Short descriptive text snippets
------------------------------------------------------------------------
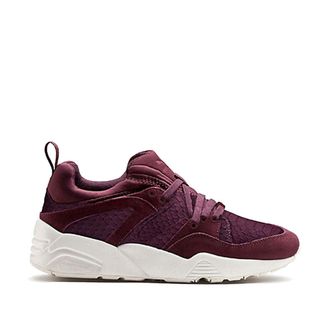 Puma Puma Blaze of Glory Women Rioja Winetastin-Burgundy-36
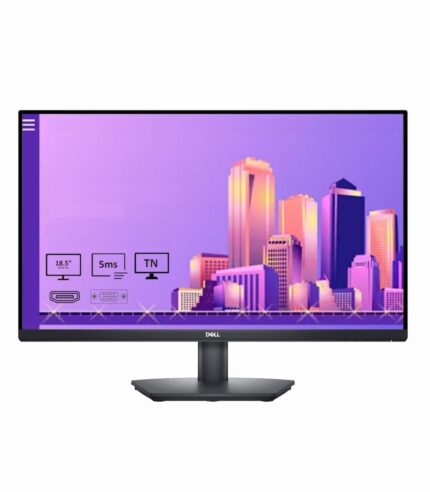 Dell 19 monitor D1918H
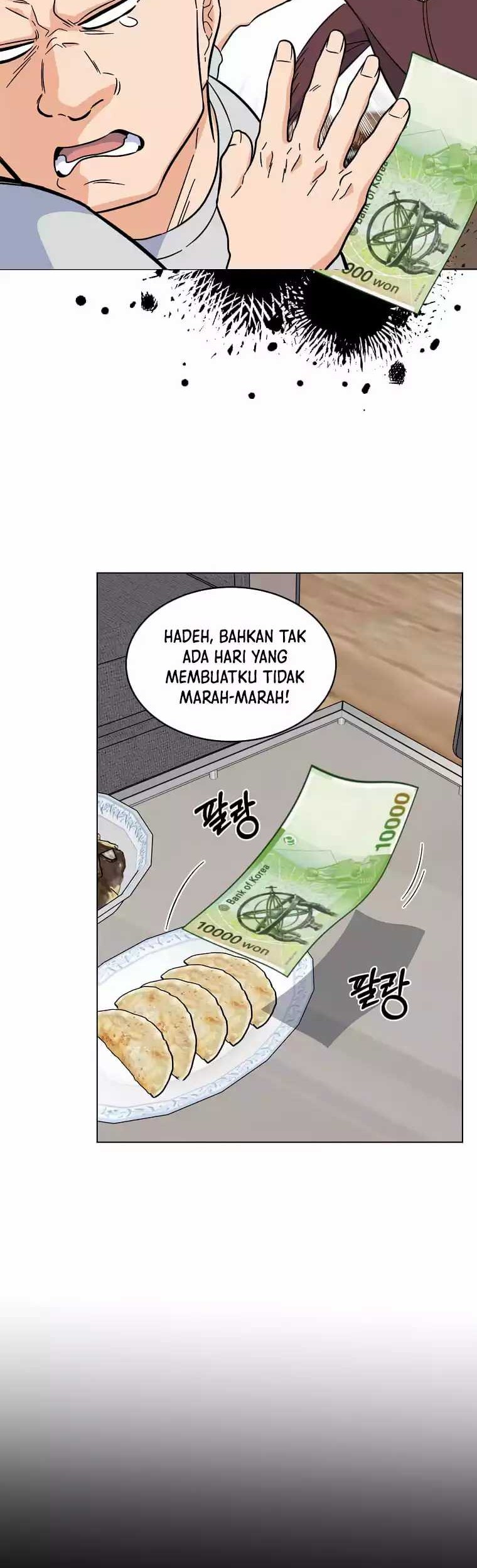 1st Year Max Level Manager Chapter 87 Gambar 9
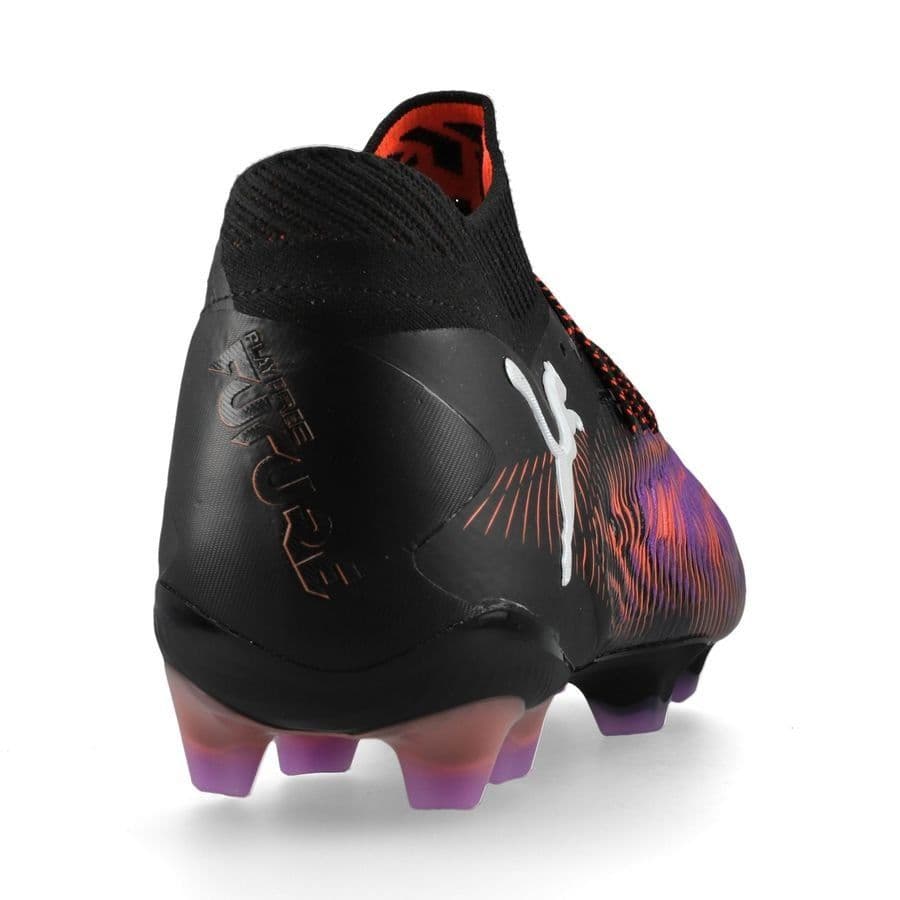 Puma Future 8 Ultimate FG, foto 4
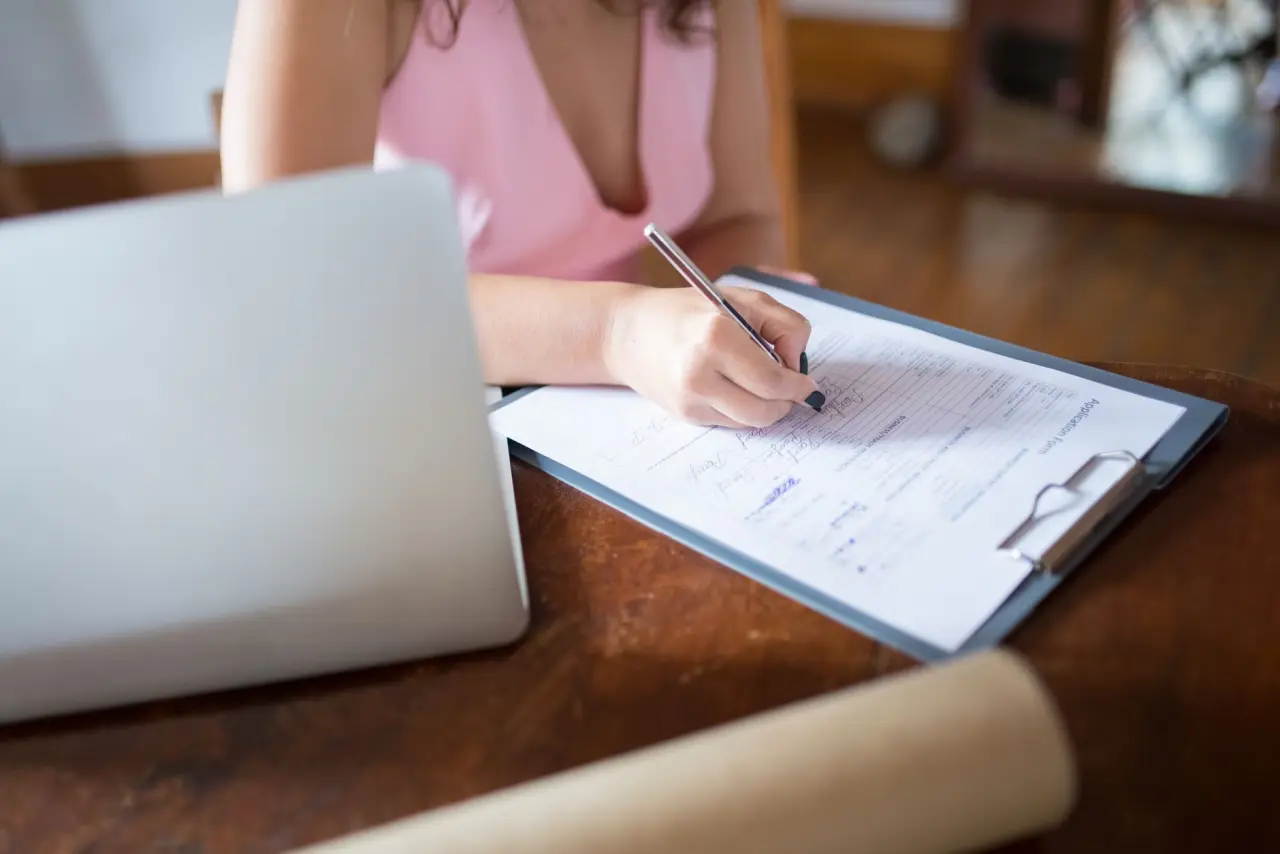 Completing Form DS-260: Section-by-Section Guide for US Immigration Applications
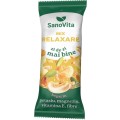 Set 3 x Caju, Migdale si Fructe Uscate, Mx pentru Relaxare, 50 g, Sanovita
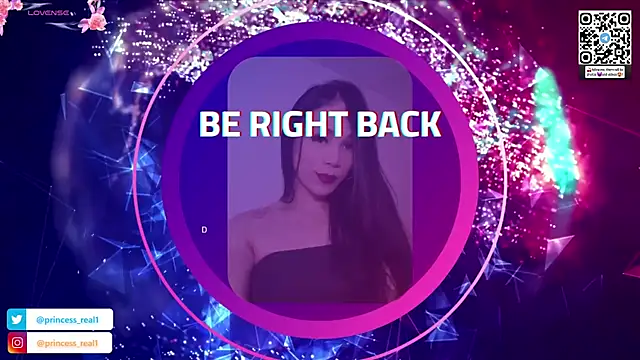 princess0303 online show from July 3, 2026, 7:26 am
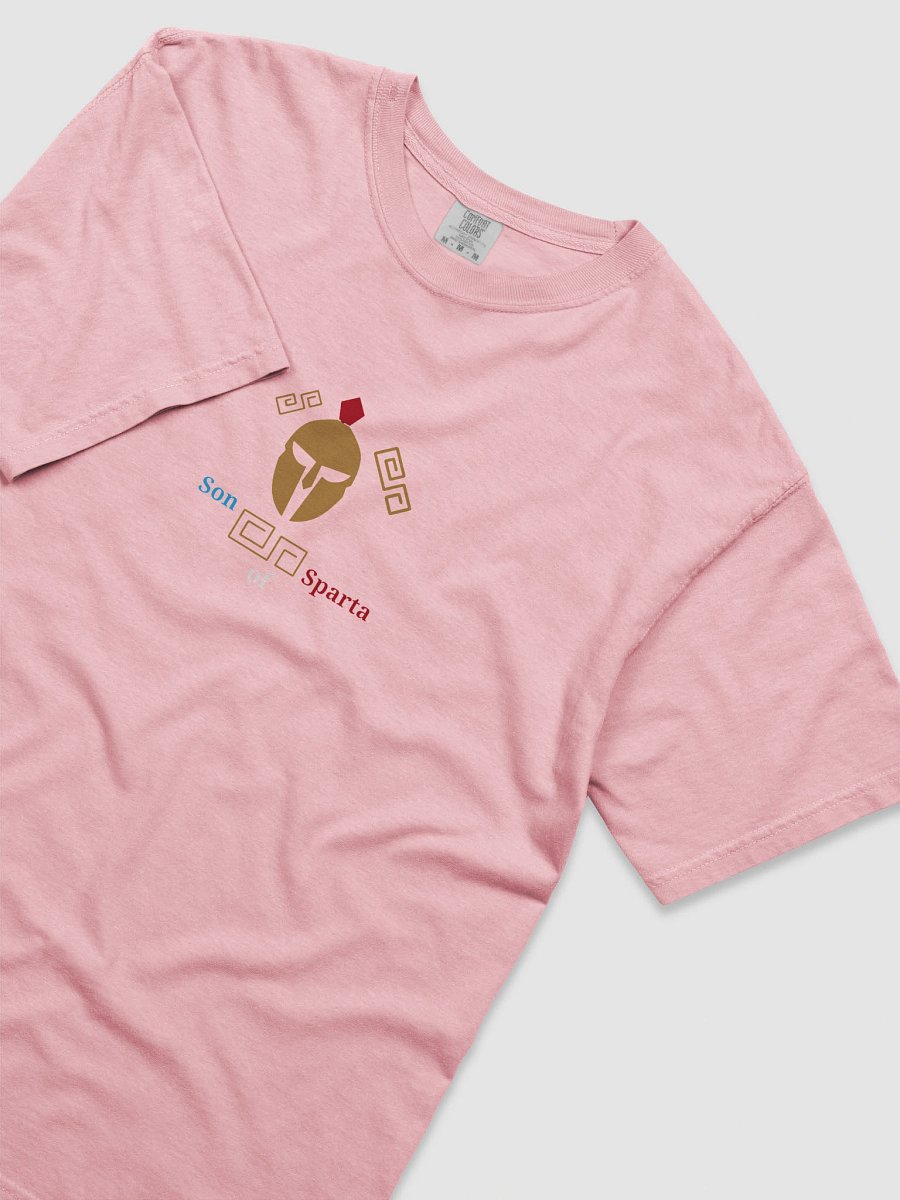 Spartan Legacy T-Shirt product image (5)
------------------------------------------------------------------------
__The task__
Rewrite the data above exactly as given, but omit the images.

__Response__
 Puma Puma Blaze of Glory Women Rioja Winetastin-Burgundy-36
 Dell 19 monitor D1918H
 1st Year Max Level Manager Chapter 87 Gambar 9
 Puma Future 8 Ultimate FG, foto 4
 Completing Form DS-260: Section-by-Section Guide for US Immigration Applications
 Set 3 x Caju, Migdale si Fructe Uscate, Mx pentru Relaxare, 50 g, Sanovita
 princess0303 online show from July 3, 2026, 7:26 am
 Spartan Legacy T-Shirt product image (5)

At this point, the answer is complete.